ABSTRACT

This chapter critiques the widespread belief that technological innovations and green consumerism are sufficient to achieve sustainability. The authors show how techno-optimism creates lock-ins in policy and business and reassures consumers that superficial changes are enough, while ignoring structural drivers of unsustainable consumption. The chapter explores the consequences of techno-optimism across policy, business and everyday life, highlighting how reliance on future technologies delays urgent climate action, promotes ‘comfortable consumption’ for affluent groups and exposes companies to path-dependency risks. It then dispels the myth by demonstrating that technology alone cannot offset rising consumption, green technologies are not sustainable by default, efficiency gains are undermined by rebound effects and the digital revolution has its own ecological and social burdens. Through evidence ranging from aviation, electric vehicles, smart technologies and resource extraction, the authors show that efficiency-focused strategies cannot deliver absolute reductions in environmental impacts. Instead, sustainability requires combining efficiency with shift and sufficiency strategies, addressing lifestyles, norms and demand.
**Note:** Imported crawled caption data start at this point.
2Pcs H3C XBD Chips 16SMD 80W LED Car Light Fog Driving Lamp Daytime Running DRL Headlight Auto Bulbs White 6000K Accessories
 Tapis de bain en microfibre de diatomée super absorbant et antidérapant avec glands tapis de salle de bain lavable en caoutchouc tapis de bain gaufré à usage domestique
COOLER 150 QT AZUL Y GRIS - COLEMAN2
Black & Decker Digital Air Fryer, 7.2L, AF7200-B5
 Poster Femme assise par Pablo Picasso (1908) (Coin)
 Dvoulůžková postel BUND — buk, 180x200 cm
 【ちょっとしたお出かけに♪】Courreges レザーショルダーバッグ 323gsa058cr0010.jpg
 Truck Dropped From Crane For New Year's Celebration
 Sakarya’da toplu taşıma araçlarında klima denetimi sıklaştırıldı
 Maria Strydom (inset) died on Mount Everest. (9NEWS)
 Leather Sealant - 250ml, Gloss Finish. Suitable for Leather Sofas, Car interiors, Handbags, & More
The chapter concludes with recommendations for policymakers, businesses and consumers. Policymakers should embed sufficiency in climate and energy strategies, apply precautionary governance and go beyond voluntary measures. Businesses should step outside the comfort zone of techno-fixes and experiment with sufficiency-oriented business models. Consumers, finally, can support change not only through individual choices but also through collective action and redefined visions of the good life based on sufficiency, care and alternative hedonism.